Exercise prompt:
Please retype the listing exactly as it appears, skipping each picture.

Data excerpt:
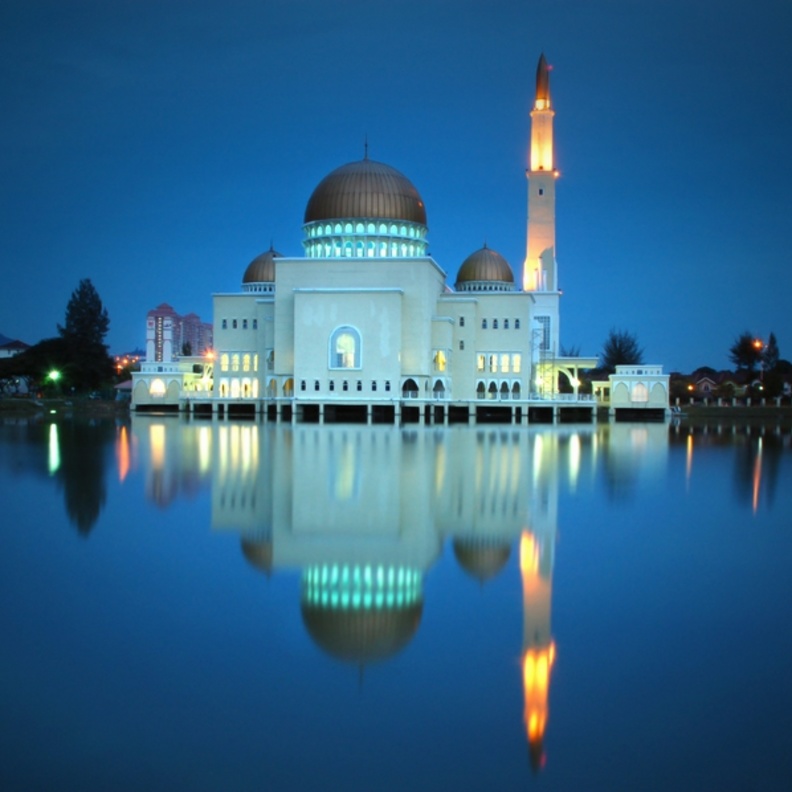 Royal Regalia - يياكتشفوا شهر العسل في بروناي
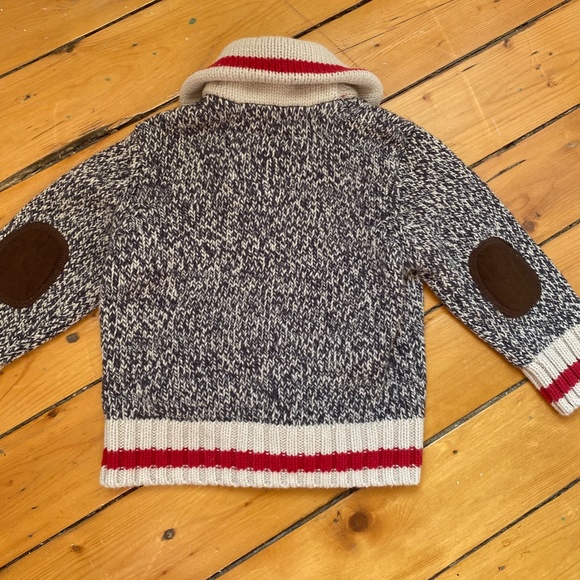 Roots baby cabin sweater size 6-12 months - Picture 4 of 5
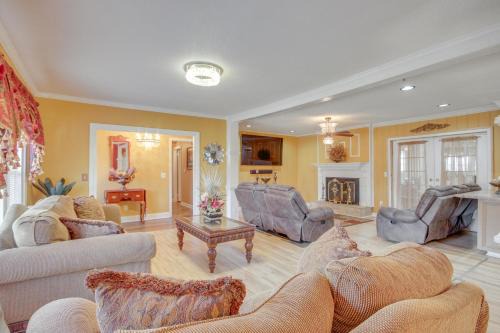 Columbia Home Rental with Hot Tub 9 Mi to UofSC!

Your response:
 Royal Regalia - يياكتشفوا شهر العسل في بروناي
 Roots baby cabin sweater size 6-12 months - Picture 4 of 5
 Columbia Home Rental with Hot Tub 9 Mi to UofSC!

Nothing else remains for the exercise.